EMPERYALİZMİN FONLADIĞI 'MUCİZE'

Güney Kore “mucizesi”nin ilk kaynağı, ilk birikim ABD ve Japon “yardımları”. ABD 1946-78 döneminde Güney Kore’ye 60 milyar dolar aktarıyor. Önemlice bölümü dönemin ilk yıllarında sağlanıyor. Bu tutar o dönemin doları olarak düşünüldüğünde muazzam bir tutar. Bir karşılaştırma yapılabilmesi için iki örnek verilebilir. ABD'nin İkinci Dünya Savaşı çıkışında Marshall Planı ile Avrupa'daki 16 ülkenin "yeniden yapılanması" için aktardığı kaynak 16 milyar dolardı. ABD’nin 1946-78 arası Afrika kıtasının bütününe yaptığı “hibe”lerin toplamı da 69 milyar dolardı. Bu yardımlar hiç kuşkusuz İkinci Dünya Savaşı’ndan çıkışta Kore yarımadasındaki savaşın karşılığı ve Güney Kore’yi emperyalist kampta tutmak için yapılıyor. Daha sonra Güney Kore’nin Vietnam Savaşı’nda ABD ile “ittifak” yapması için fonlama devam ediyor.

ABD fonları ağır sanayi yatırımları için “chaebol”lere teşvik ve düşük faizli kredi olarak kullandırılıyor.

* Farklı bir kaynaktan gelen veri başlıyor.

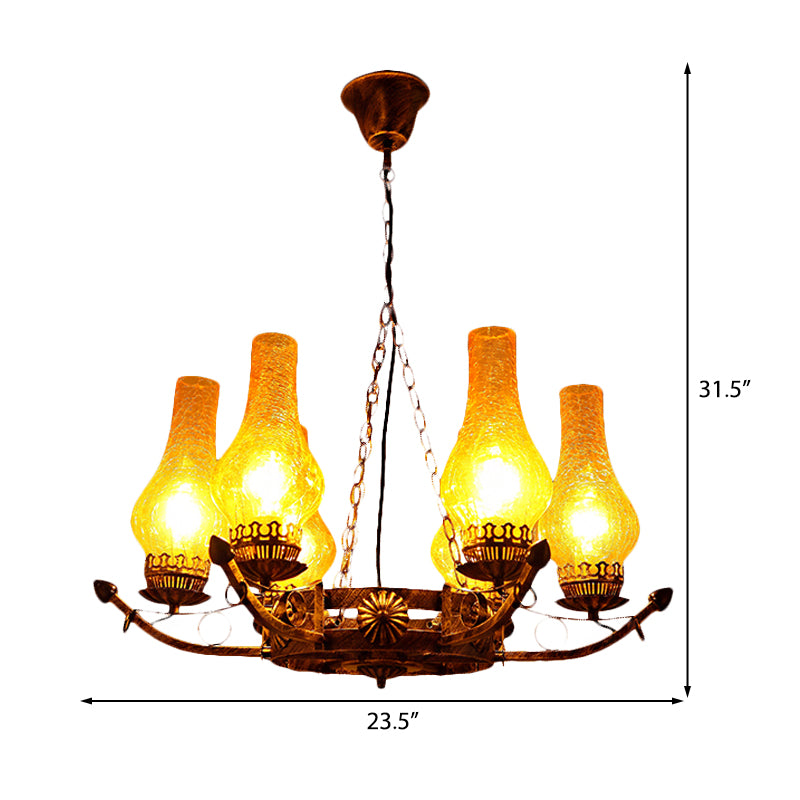 6-Light Crackle Glass Hanging Chandelier Traditional Beige Vase Living Room Pendant Light Fixture Clearhalo 'Ceiling Lights' 'Chandeliers' 'Glass shade' 'Glass' 'Pendant Lights' Lighting' 237453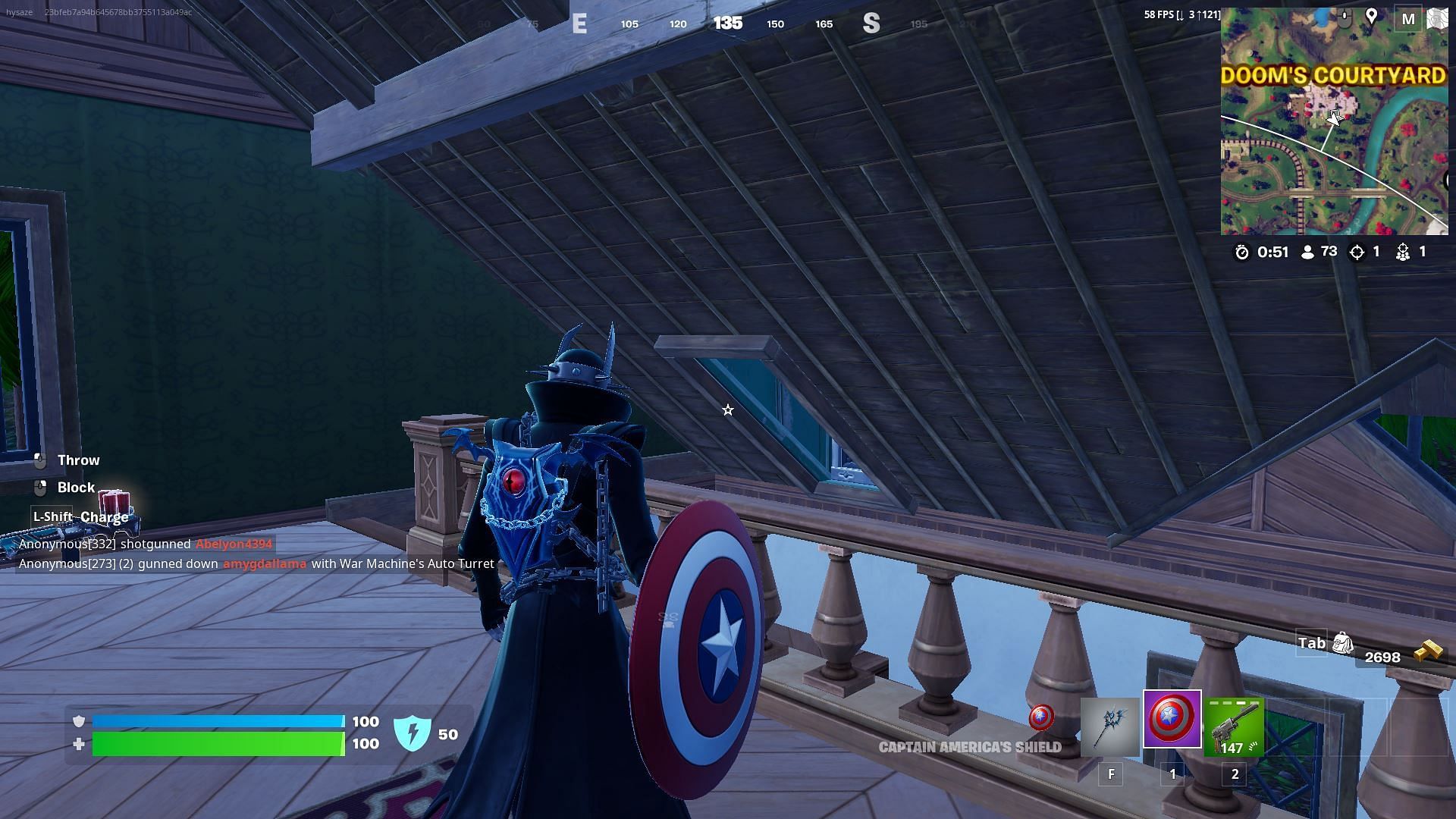 Captain America's Shield and Monarch Pistol combo (Image via Epic Games)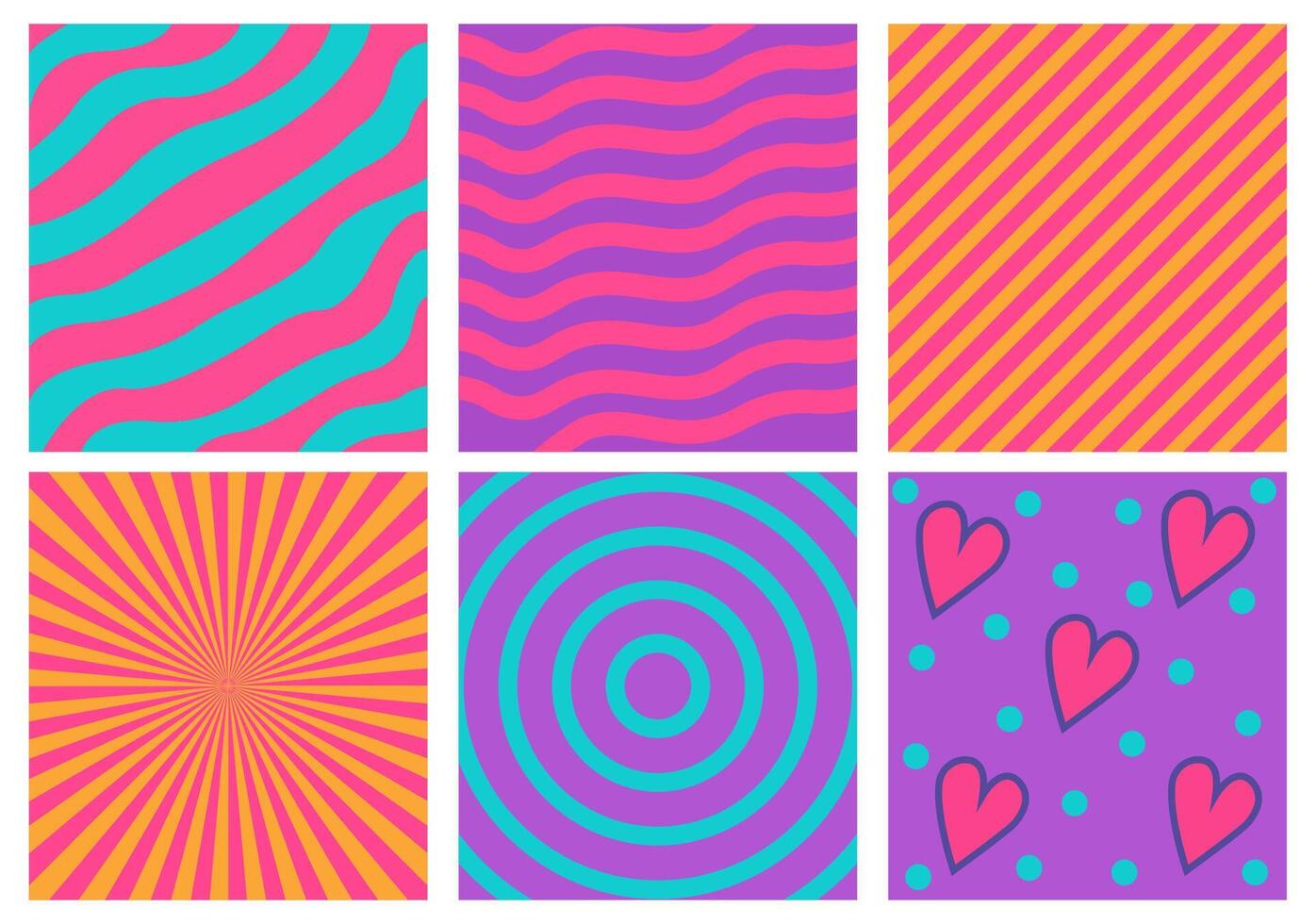 Vibrant Pop Art Pattern Set vector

Bu seçilmiş sermaye grupları aynı zamanda ticaret ayrıcalıklarından ve tekel imtiyazlarından da yararlandırılıyor.

EMEKÇİLER DEPRESYONDA

2000’li yıllarda Güney Kore, sermaye perspektifinden iyi eğitimli emekgücü, yüksek teknolojili imalat sanayi yapısı ve bilgi temelli ekonomiye geçişte aldığı yolla örnek gösterilmeye devam ediyor. Ama madalyonun öbür yüzünde, emekçiler cephesinde, eğitimli emekgücünün düşük ücretler, yüksek borçluluk düzeyi, ağır çalışma koşulları, işsizlik ve örgütsüzlüğe mahkum edilmesi gerçeği duruyor. Bu ağır sorunların karşısında örgütsüz emekçilerin "ağır depresyon", ciddi sağlık sorunlarıyla karşı karşıya kaldığı bir ülke Güney Kore.